# Feeding p's trout?



## anstey (Oct 9, 2003)

:rasp: I was wondering if it was ok to feed p's trout. and if so is it ok to put them in the tank alive and let them swim around? Has anyone ever tried this? I think it would be cool.??
Ryan


----------



## kouma (Sep 1, 2003)

aren't trout really huge? it would be one messy meal IMO, better cut it yourself and feed on intervals.


----------



## Guest (Oct 31, 2003)

mine love trout


----------



## MR HARLEY (Aug 12, 2003)

Cut it fresh and give them pieces of it..Or throw it in your tank and watch the carnage...But get the clean up crew ready to go...


----------



## RhomZilla (Feb 12, 2003)

Depending on what size your Ps are compared to the trout (since they do get huge), I say go for it. Just dont put a huge one in there and end up stressing your Ps. Dont feed 'em a dead on either unless its cut up already into different pieces.


----------



## Black-Phoenix (Oct 21, 2003)

dude why would you wanna wast a tasty fish like trout on your Ps?....even though i'm shure they would love it


----------



## blastinonfoos (Jul 17, 2003)

i dont know how you could use a Live trout in a P tank. if they dont get eaten within 10 min, they'll proly die from the temp of the tank. and how do u take a live trout home anyway?
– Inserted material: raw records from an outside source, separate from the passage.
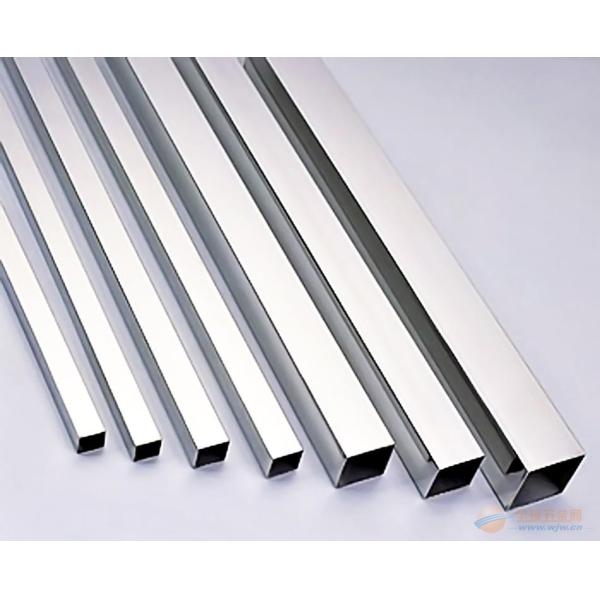 Seamless 2x2 Stainless Steel Square Tubing 304 304L 316L 316 TP316L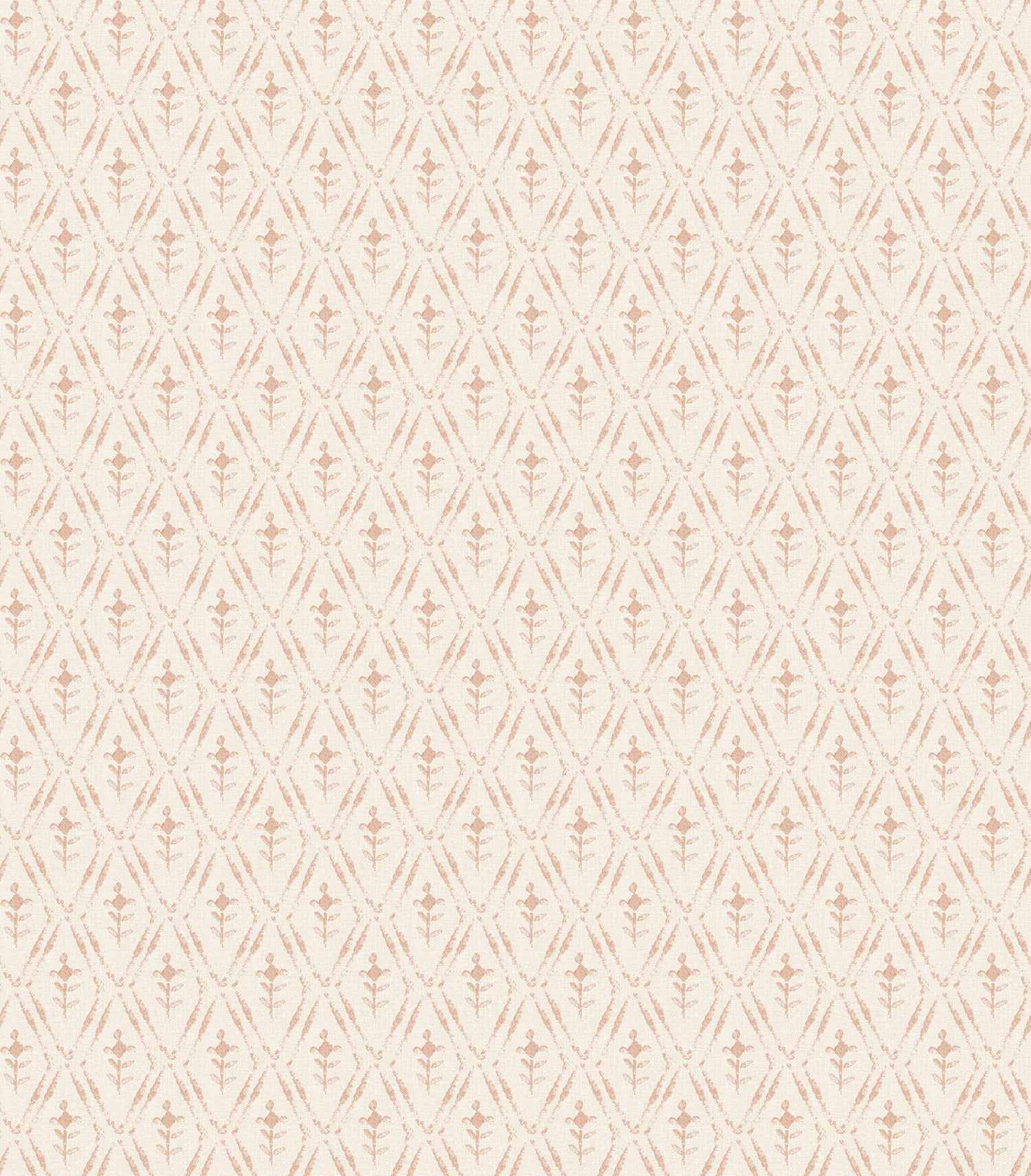 Tillie wallpaper in blush color - pattern number 4173-27670 - by A Street Prints in the Chris Loves Julia collection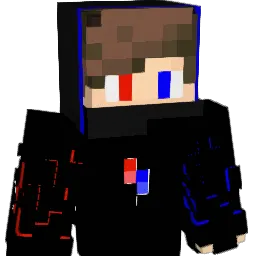 Smotherlol Minecraft avatar bust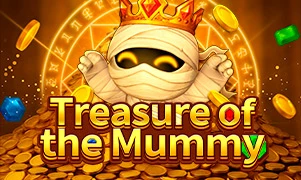 Treasure of the Mummy
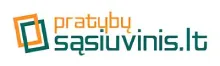 Kliento logotipas - Sasiuvinis.lt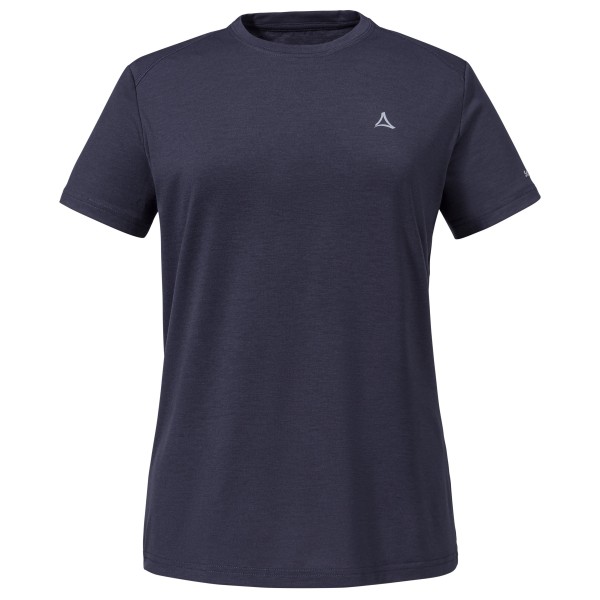 Schöffel - Women's T-Shirt Ramseck - Funktionsshirt Gr 34 blau von Schöffel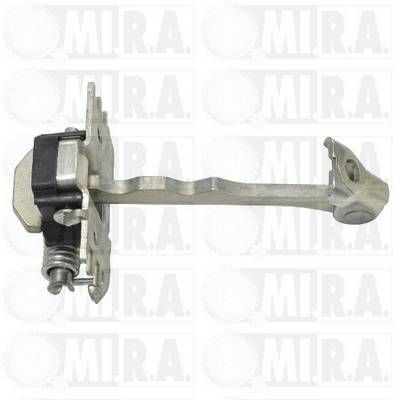 MI.R.A. Oven pidin 42/5232 42/5232 MI.R.A. Takaovi RENAULT CAPTUR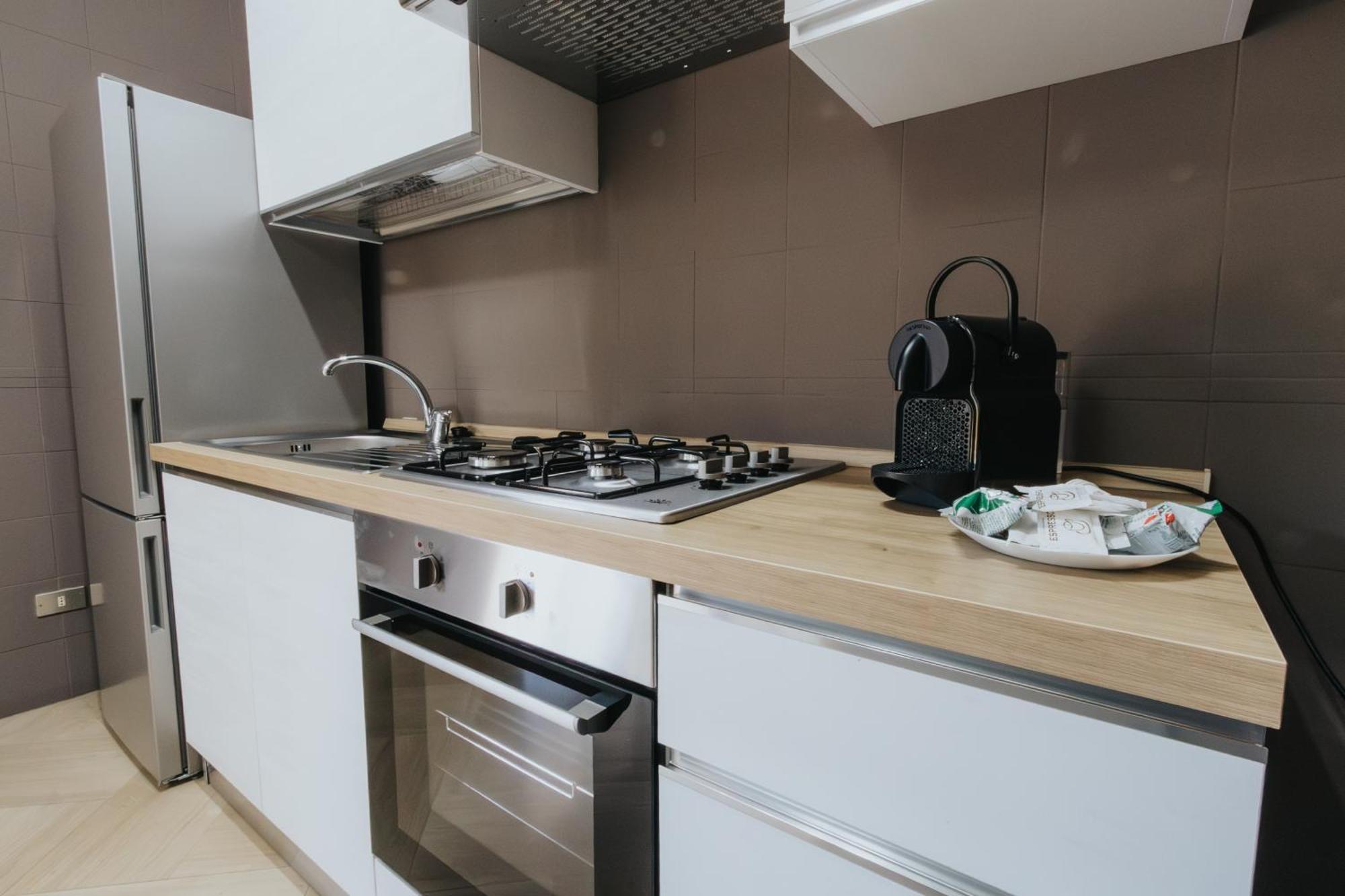 Lenoci Appartement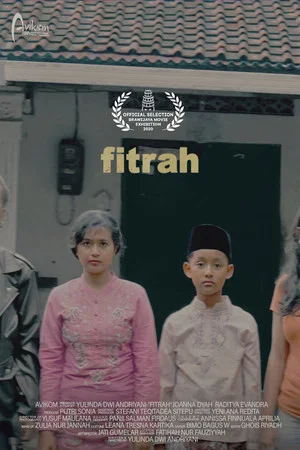 Постер: Fitrah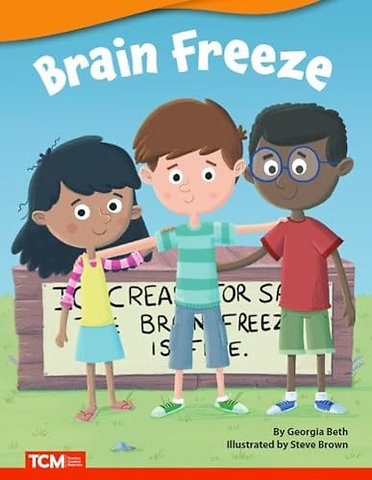 Brain Freeze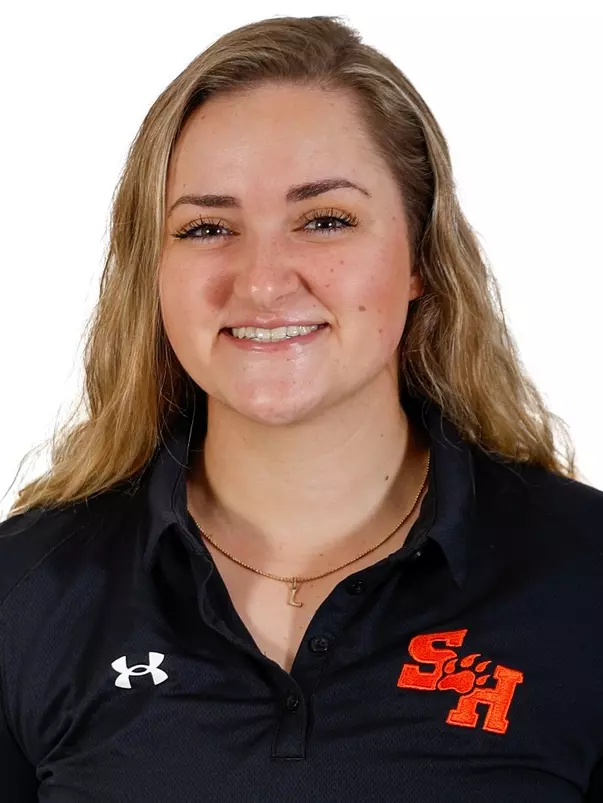 Jenn David 2023-24 head shot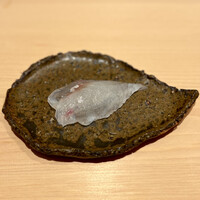 鮨 龍次郎 - コチ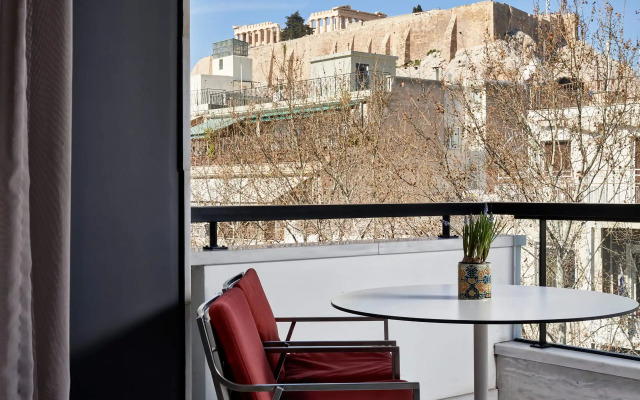 Athenswas Hotel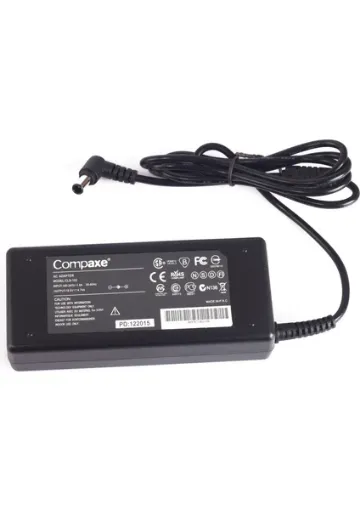 COMPAXE CPA-102 NOTEBOOK ADAPTÖR resmi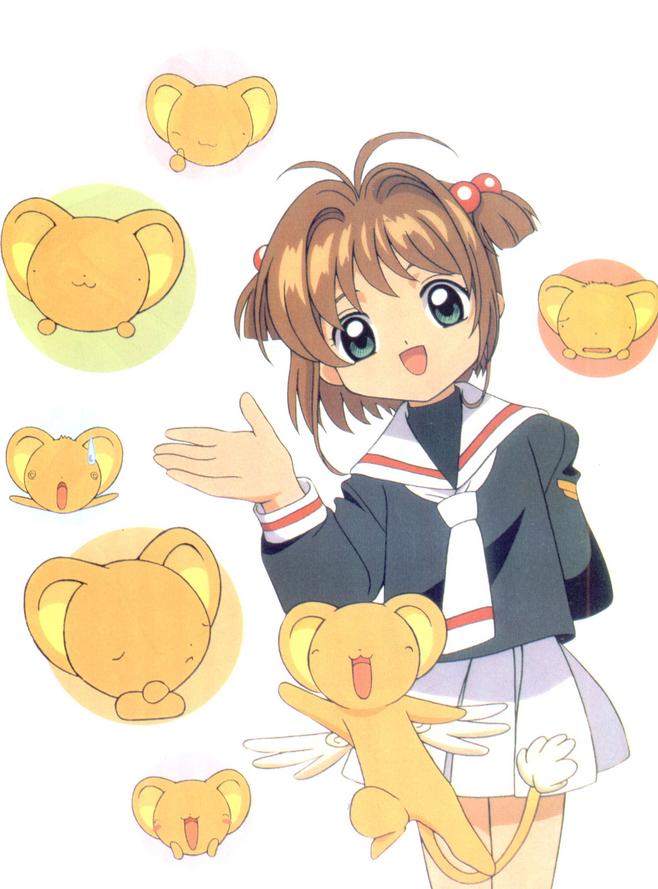 经典中的经典童年动画,童年回忆十大经典动画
if you are a fisherman, you know what i mean. trout are delicate fish


----------



## akio525 (Sep 4, 2003)

Wouldnt it be risky to throw a non quarantined fish in to feed your p's? especially one caught in the wild.


----------



## mantis (May 16, 2003)

blastinonfoos said:


> if they dont get eaten within 10 min, they'll proly die from the temp of the tank.


 yup :nod:


----------



## anstey (Oct 9, 2003)

> i dont know how you could use a Live trout in a P tank. if they dont get eaten within 10 min, they'll proly die from the temp of the tank. and how do u take a live trout home anyway?
> 
> if you are a fisherman, you know what i mean. trout are delicate fish.
> 
> ...


----------



## hgsmitty (Oct 10, 2003)

The cool thing about trout is they are very high grade of fish food and good for the fish as far as growth rates. I my self fish 24-7 and have found by reading and fish that where every there is truot you will find big ass bass. Bass like them because they grow very fast by eating them, seen tons of monsters that have been raised on nothing but trout. My self i'd feed it to them but cut it up it will be cleaner that way. Good Luck.


----------



## blastinonfoos (Jul 17, 2003)

hgsmitty said:


> The cool thing about trout is they are very high grade of fish food and good for the fish as far as growth rates. I my self fish 24-7 and have found by reading and fish that where every there is truot you will find big ass bass. Bass like them because they grow very fast by eating them, seen tons of monsters that have been raised on nothing but trout. My self i'd feed it to them but cut it up it will be cleaner that way. Good Luck.


 off the subject.. but have you ever caught a trout at sunrise... and suddenly see a huge ass bass attack the trout that's on your hook? that right there is lovely.


----------



## newtoblackrhoms (Oct 31, 2003)

i fed my reds a bluegill earlier and they had him ate up in about 1 minute ,only thing left was the head , just took the net and scooped it out!


----------